#### [Work instructions]
The lines to copy are those with "Nissan" in them. Pull each one from the entries below.

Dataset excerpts
--- START ---

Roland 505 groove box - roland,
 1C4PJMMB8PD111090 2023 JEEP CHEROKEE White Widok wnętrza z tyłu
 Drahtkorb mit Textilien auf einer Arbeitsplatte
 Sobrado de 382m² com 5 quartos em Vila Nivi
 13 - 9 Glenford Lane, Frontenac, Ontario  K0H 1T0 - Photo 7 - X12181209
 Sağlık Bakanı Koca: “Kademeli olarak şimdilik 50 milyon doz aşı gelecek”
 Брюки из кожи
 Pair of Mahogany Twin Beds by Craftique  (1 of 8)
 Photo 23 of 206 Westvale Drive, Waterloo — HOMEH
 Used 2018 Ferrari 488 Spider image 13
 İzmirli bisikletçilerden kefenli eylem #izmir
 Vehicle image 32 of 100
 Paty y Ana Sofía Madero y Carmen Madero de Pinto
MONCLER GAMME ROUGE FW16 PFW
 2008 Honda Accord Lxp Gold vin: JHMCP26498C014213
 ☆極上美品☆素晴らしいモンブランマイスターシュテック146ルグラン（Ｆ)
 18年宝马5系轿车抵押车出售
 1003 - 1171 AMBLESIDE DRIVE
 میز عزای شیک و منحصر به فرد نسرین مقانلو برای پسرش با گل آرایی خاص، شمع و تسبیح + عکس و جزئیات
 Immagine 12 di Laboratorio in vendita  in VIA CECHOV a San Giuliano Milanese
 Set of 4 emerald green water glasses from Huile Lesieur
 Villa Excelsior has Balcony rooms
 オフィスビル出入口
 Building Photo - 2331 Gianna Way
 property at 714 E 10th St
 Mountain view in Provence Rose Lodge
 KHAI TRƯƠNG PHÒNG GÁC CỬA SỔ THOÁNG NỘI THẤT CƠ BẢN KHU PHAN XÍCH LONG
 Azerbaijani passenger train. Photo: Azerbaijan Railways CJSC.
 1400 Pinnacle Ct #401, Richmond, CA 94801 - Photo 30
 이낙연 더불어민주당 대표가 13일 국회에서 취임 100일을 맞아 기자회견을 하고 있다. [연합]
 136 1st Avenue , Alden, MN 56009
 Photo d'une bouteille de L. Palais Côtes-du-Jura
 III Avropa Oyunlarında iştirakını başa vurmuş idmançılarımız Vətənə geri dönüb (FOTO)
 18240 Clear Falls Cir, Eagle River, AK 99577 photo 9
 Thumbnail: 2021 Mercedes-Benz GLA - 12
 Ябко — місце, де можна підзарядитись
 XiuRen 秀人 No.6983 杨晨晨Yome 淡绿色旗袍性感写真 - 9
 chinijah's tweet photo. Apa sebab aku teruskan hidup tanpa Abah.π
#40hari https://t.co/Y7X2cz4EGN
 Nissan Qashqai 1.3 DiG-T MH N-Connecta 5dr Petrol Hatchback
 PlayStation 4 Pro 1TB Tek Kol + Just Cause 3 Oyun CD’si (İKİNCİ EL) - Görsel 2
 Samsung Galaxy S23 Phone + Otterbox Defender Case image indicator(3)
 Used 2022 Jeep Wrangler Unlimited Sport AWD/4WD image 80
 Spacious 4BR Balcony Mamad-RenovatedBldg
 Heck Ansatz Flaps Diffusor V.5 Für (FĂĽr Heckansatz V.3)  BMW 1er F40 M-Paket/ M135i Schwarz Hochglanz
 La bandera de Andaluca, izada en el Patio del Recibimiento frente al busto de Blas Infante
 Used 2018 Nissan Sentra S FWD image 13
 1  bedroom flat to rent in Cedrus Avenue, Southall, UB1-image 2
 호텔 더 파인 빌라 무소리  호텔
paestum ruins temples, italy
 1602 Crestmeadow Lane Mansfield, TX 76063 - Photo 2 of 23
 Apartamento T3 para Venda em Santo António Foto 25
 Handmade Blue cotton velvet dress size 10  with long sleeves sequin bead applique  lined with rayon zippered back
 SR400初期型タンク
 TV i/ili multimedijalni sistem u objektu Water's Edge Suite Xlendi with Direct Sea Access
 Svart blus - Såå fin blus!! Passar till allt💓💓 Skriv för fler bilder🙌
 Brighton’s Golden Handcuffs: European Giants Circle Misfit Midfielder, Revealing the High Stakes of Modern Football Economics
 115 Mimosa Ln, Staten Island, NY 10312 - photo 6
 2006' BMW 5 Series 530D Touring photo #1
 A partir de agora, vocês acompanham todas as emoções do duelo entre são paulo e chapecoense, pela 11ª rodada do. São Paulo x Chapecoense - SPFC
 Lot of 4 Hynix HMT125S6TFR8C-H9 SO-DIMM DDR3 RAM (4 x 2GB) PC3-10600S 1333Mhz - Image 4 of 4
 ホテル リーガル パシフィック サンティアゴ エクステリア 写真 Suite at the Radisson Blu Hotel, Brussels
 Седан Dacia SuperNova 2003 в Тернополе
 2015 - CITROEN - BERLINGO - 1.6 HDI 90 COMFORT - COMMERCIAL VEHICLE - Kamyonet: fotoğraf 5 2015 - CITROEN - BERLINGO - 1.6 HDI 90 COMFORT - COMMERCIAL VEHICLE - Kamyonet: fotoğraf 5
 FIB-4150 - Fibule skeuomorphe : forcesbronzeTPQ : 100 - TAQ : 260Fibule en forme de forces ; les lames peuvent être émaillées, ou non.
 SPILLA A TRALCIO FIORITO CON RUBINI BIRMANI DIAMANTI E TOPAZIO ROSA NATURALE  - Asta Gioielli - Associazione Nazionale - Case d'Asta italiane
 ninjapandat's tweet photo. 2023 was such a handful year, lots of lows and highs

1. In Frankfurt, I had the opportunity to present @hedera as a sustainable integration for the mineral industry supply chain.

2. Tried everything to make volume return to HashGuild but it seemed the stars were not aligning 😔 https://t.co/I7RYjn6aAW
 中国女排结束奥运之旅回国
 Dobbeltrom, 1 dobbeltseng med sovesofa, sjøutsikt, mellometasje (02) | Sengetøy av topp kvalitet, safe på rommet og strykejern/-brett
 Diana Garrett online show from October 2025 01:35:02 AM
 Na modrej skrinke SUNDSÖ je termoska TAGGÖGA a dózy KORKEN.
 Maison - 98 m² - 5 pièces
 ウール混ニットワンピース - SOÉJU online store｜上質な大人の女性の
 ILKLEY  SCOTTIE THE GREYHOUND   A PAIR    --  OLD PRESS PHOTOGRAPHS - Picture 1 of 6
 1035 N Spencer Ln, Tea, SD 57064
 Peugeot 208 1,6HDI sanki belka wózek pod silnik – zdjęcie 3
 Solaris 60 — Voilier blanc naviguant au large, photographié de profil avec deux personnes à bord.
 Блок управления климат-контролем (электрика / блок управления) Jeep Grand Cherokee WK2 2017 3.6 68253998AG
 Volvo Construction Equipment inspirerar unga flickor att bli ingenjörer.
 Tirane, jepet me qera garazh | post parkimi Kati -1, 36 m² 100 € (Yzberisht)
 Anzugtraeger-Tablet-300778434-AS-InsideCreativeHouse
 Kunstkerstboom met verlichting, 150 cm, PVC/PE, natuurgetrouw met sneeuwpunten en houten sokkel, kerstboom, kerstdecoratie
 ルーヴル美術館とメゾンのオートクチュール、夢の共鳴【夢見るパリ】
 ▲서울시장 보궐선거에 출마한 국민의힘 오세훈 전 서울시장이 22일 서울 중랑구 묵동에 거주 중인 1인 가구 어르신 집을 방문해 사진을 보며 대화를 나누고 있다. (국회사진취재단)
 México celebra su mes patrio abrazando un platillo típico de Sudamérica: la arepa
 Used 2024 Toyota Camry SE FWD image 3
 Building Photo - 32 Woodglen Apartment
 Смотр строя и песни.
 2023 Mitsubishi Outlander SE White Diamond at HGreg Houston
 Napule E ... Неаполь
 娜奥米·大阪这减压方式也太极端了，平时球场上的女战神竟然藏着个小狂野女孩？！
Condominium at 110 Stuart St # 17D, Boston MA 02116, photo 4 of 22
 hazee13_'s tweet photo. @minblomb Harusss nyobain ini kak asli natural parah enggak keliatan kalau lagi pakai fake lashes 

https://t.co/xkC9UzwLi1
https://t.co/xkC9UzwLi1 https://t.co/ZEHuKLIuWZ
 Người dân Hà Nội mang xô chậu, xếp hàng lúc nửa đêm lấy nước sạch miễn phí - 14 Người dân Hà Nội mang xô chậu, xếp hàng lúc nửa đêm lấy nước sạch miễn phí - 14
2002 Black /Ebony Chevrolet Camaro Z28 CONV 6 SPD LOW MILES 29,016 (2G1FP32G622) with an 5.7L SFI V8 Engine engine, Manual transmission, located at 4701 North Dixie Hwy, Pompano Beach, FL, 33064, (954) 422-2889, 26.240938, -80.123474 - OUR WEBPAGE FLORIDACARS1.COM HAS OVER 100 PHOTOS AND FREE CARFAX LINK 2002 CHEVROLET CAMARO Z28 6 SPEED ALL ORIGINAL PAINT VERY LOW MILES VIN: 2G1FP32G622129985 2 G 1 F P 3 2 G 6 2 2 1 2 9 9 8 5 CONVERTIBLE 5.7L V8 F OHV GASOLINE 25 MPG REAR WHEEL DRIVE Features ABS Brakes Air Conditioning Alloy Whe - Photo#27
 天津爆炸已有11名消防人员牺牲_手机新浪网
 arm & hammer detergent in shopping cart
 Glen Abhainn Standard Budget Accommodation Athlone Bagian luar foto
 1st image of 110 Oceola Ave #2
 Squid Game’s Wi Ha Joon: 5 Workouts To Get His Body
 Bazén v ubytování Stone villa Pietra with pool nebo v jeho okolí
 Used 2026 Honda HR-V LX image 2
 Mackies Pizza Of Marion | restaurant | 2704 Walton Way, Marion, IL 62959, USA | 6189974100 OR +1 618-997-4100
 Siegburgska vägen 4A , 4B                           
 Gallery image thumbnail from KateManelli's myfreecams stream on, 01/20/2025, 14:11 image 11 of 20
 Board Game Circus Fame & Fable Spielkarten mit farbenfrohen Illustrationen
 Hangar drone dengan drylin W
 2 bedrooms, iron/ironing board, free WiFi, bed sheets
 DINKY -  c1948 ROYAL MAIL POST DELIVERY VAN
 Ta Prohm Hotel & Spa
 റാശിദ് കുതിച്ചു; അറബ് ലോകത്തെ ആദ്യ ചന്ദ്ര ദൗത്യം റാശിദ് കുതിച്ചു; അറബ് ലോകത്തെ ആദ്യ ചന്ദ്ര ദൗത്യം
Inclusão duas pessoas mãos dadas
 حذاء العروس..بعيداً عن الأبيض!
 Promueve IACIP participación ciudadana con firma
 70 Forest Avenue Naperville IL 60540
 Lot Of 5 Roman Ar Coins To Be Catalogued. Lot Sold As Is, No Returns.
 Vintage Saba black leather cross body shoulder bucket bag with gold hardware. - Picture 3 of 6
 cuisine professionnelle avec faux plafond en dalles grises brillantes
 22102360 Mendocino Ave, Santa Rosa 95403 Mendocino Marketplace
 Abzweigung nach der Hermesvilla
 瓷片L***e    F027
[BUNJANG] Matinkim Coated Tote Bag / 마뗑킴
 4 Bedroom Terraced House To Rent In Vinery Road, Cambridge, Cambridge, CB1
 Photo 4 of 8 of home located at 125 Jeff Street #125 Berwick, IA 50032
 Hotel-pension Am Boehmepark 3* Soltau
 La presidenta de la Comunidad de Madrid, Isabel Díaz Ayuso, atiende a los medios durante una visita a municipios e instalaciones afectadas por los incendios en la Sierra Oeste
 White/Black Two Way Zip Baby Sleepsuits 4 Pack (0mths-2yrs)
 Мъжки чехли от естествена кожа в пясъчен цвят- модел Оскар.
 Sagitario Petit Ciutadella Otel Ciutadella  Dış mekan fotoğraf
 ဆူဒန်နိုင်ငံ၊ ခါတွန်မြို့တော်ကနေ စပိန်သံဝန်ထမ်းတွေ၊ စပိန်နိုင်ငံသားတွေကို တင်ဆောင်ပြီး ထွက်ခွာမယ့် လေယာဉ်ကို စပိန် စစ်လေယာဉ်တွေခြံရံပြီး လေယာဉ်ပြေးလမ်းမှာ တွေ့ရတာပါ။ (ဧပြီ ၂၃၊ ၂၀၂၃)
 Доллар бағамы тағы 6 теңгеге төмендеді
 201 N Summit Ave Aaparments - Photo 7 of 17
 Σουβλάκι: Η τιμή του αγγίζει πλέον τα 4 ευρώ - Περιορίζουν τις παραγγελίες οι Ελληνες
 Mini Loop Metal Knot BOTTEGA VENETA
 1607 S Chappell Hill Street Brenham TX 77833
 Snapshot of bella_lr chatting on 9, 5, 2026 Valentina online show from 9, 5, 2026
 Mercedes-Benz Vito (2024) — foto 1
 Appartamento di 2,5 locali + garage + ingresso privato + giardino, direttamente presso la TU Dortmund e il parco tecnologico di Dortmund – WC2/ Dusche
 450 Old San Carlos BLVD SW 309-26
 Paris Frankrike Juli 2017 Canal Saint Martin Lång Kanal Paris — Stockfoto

--- END ---

#### [Answer box]
 Nissan Qashqai 1.3 DiG-T MH N-Connecta 5dr Petrol Hatchback
 Used 2018 Nissan Sentra S FWD image 13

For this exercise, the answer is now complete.